INPUT DATA:
- Opening Delimiter -
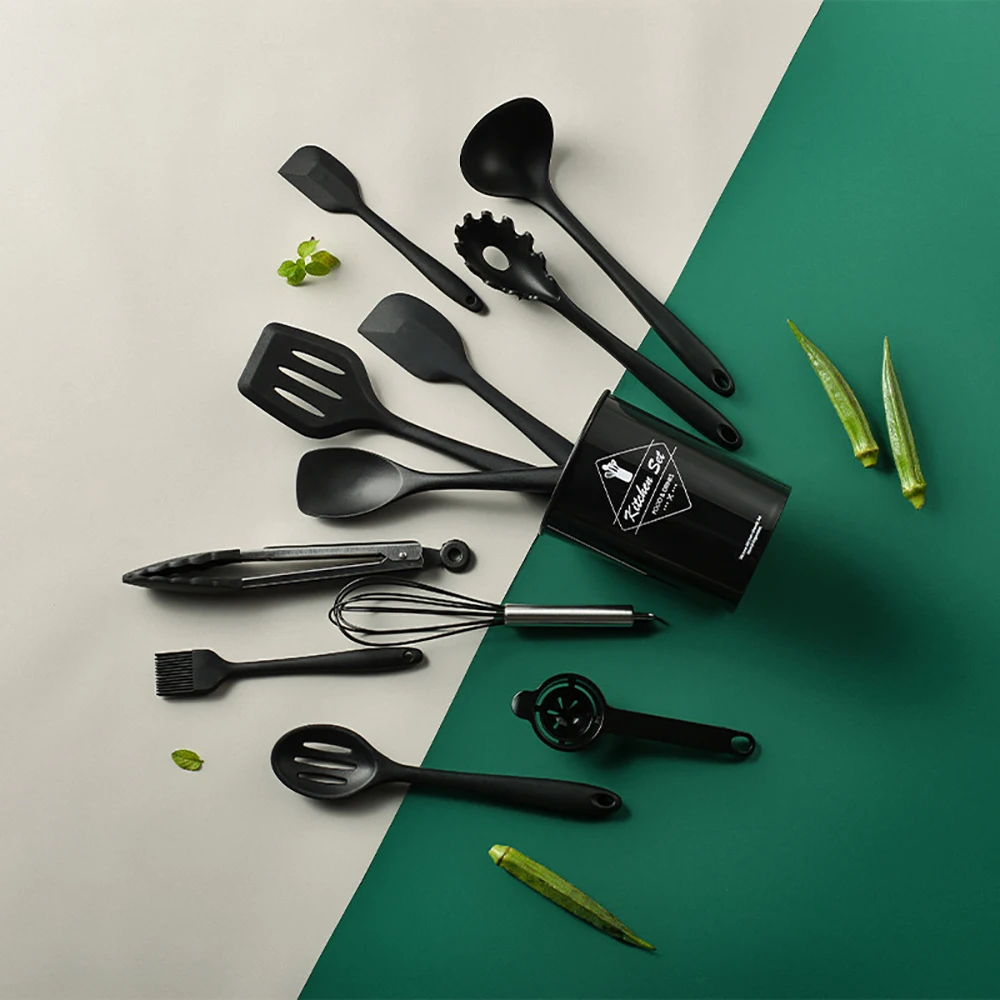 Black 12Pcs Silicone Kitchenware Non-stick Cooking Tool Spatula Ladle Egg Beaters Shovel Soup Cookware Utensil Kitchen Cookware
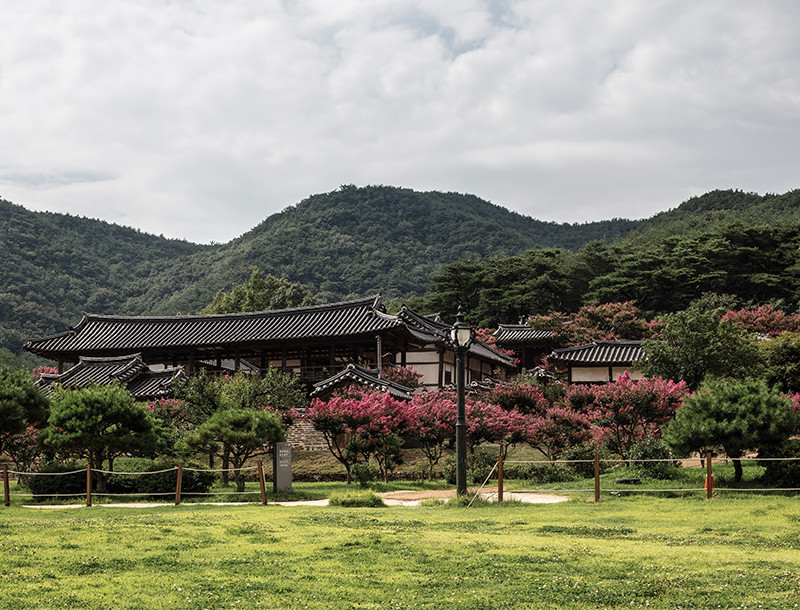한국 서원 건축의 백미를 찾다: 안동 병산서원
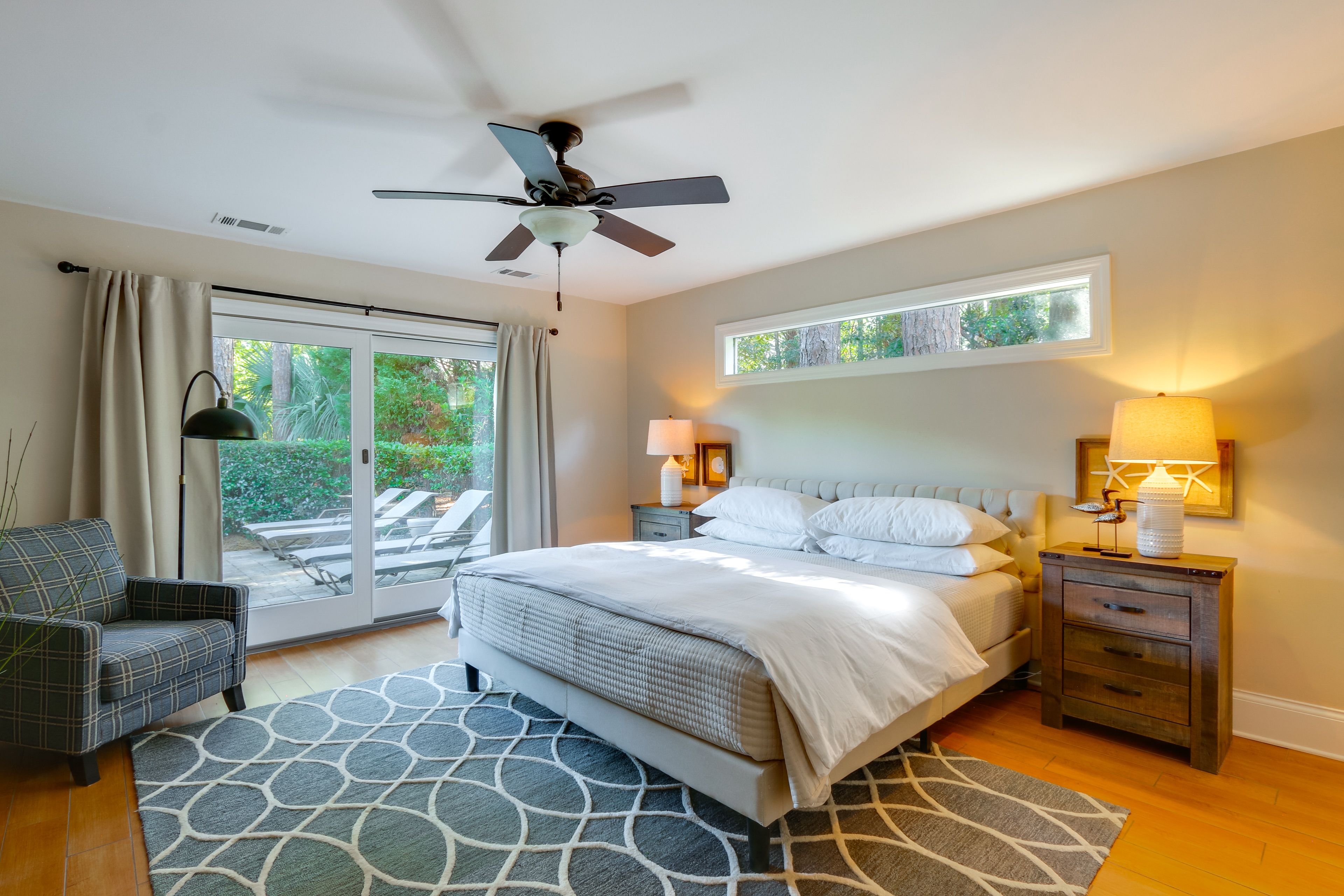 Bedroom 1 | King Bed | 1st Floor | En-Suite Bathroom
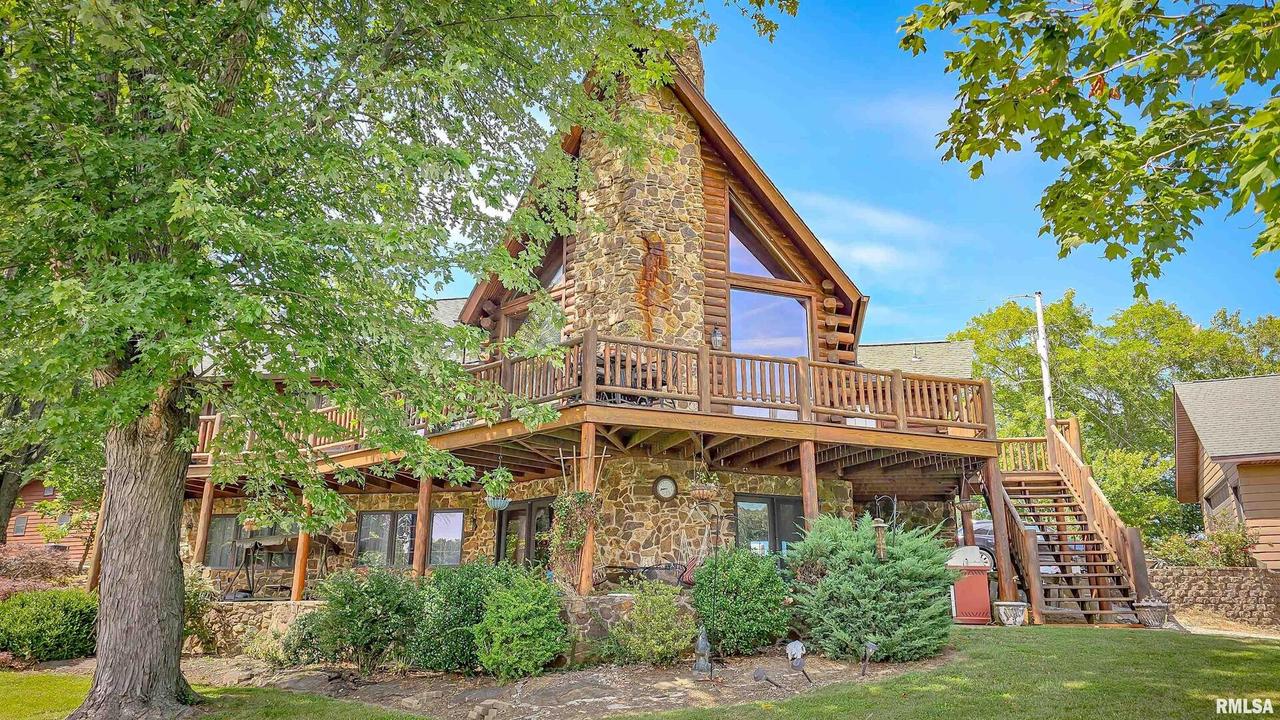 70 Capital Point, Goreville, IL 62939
- Closing Delimiter -
HOW TO COMPLETE THIS TASK:
Please write out the lines above exactly, from the one that contains "Bedroom 1 |" through the final line, and include none of the pictures.

EXERCISE SOLUTION:
 Bedroom 1 | King Bed | 1st Floor | En-Suite Bathroom
 70 Capital Point, Goreville, IL 62939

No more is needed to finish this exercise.